───── Data for analysis

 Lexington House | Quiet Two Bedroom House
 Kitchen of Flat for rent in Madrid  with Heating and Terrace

──────────
───── Data for analysis

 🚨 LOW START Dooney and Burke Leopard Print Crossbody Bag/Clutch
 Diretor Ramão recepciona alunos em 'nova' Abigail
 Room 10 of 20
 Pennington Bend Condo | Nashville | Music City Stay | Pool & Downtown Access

──────────

### [Exercise directions]
From the material above, set down exactly the lines between the line holding "Room 10 of 20" and the line holding "Pennington Bend Condo", inclusive. Include nothing else.

### [Exercise solution]
 Room 10 of 20
 Pennington Bend Condo | Nashville | Music City Stay | Pool & Downtown Access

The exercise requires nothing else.